The 2nd American missionary infected with Ebola is expected to arrive in the United States for treatment on Tuesday. Nancy Writebol was evacuated from Liberia Monday night by a specially equipped medical jet.
Like Indiana native Dr. Kent Brantly, Writebol will be treated at Emory University Hospital in Atlanta. The plane is scheduled to land at noon at the Dobbins Air Reserve Base. Writebol will immediately be transferred to an isolation unit at Emory.
Both Dr. Brantly and his colleague, Nancy Writebol, were infected with the virus while working as medical missionaries in Western Africa. The two are the first to be treated for Ebola in the US.
Both have been injected with an experimental drug, known only as Z-Mapp, which has never been tested on humans. Doctors say, so far, they are showing signs of improvement.
"What it is, is a cocktail of antibodies which are proteins that the body makes to block the virus," said Dr.

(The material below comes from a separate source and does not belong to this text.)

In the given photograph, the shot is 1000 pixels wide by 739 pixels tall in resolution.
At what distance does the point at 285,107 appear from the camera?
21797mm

Anthony Fauci, the Director for the National Institutes of Health.
Another expert, Dr. Jorge Rodriguez, says the experimental drug cannot be tested on others affected by the deadly virus in Africa.
"We don't know if these patients are naturally getting better or whether the serum is really doing something, so before we give the banner of cure to the serum, a lot more studies and a lot more information needs to be gathered," said Dr. Rodriguez, a Board Certified Internist.
So far, nearly 900 people have died from the Ebola virus and around 1,200 have been infected.